Abbiamo la sensazione che i casi sempre più frequenti di brusca ingerenza, persino con la forza, da parte di agenti esterni sugli affari interni di un paese possano stimolare i regimi autoritari (e non soltanto loro) a ricorrere agli armamenti nucleari. Se ho una bomba in tasca nessuno dovrebbe toccarmi perché tiene di più a se stesso; quelli senza bomba che aspettino pure gli interventi “umanitari”.
In
Afghanistan il contingente militare internazionale sotto l’egida
della Nato non ha risolto gli impegni che si era prefissato. Dopo
aver annunciato il ritiro delle truppe nel 2014, gli americani stanno
progettando la costruzione, nel Paese e negli stati confinanti, di
basi militari benché manchino un preciso mandato, degli obiettivi e
la durata del loro funzionamento. Noi non siamo ovviamente d’accordo.

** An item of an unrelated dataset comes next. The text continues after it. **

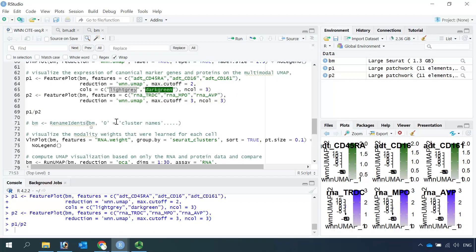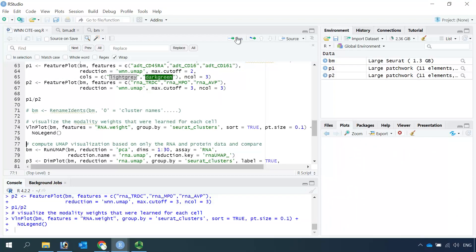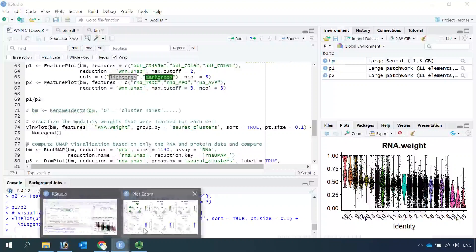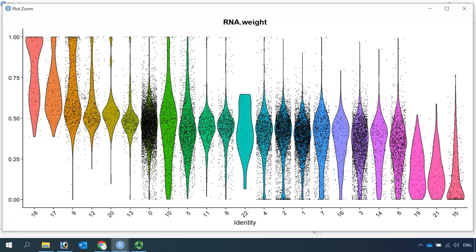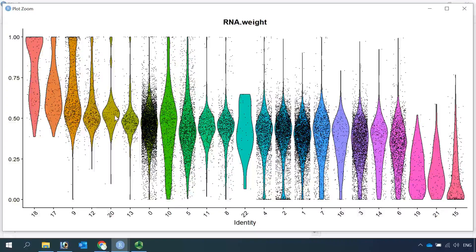Next we can visualize the modality weight for each cell from the weighted nearest neighbor analysis. We use the violin plot to see the modality weight for each cell cluster. Zooming in, you can see cell clusters on the left side have high RNA weight, and cell clusters on the right side have high protein weight. We know cells in those clusters are progenitor cells in the bone marrow, because in this study they didn't use antibodies to label progenitor cells. According to the online tutorial, cluster 15 is T cells, because it has the highest protein weight.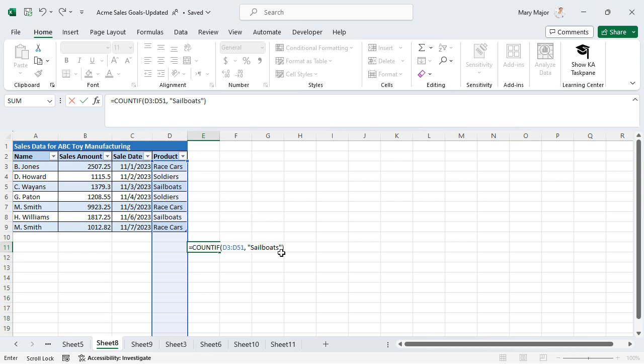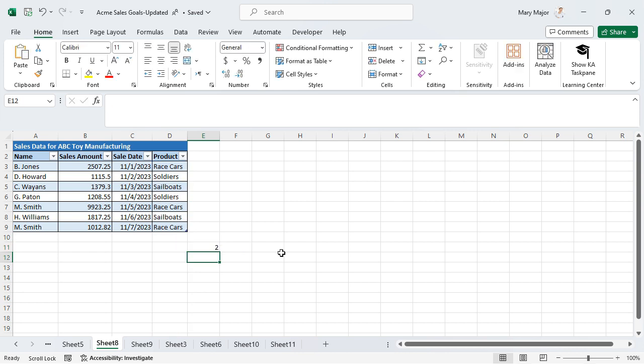Press Enter. The number of cells that meet the specified criteria is displayed, and the same formula can be applied to different ranges of cells. Thank you.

L’Afghanistan è un nostro vicino e a noi interessa che questo
Paese si sviluppi in modo stabile e pacifico. E soprattutto che
smetta di essere la principale fonte della minaccia legata al
narcotraffico.
Siamo
disposti a esaminare un serio ampliamento della partecipazione russa
nelle operazioni di soccorso per il popolo afgano. A condizione però
che il contingente internazionale in Afghanistan agisca con maggiore
efficienza anche nei nostri interessi e si occupi dell’eliminazione
reale delle coltivazioni di oppio e dei laboratori segreti per la sua
lavorazione.
L’Onu
ha adottato una strategia globale contro il terrorismo, ma si ha
l’impressione che la lotta a questo male continui comunque a essere
portata avanti non secondo un progetto unico e condiviso, ma reagendo
di volta in volta alle sue manifestazioni più gravi o barbariche. Il
mondo civilizzato non deve stare ad aspettare una tragedia delle
dimensioni dell’attacco a New York nel settembre del 2001 o una
nuova Beslan e soltanto dopo, con il cuore in gola, agire in maniera
decisa e coordinata.
Maggiore importanza al ruolo del Pacific Rim, gli Stati della costa dell'Oceano Pacifico
Sono
convinto che la crescita dell’economia cinese non sia una minaccia,
ma una sfida che porta con sé un enorme potenziale di collaborazione
economica e commerciale, la possibilità di raccogliere il “vento
cinese” nelle
“vele” della nostra economia.
Con
il suo comportamento sull’arena mondiale la Cina non dà adito a
pretese di dominio. La voce orientale risuona effettivamente nel
mondo in modo sempre più sicuro e accogliamo con gioia questo fatto
in quanto Pechino condivide la nostra visione di un ordine mondiale
paritario.
Un
altro gigante asiatico sta crescendo a grande velocità: l’India.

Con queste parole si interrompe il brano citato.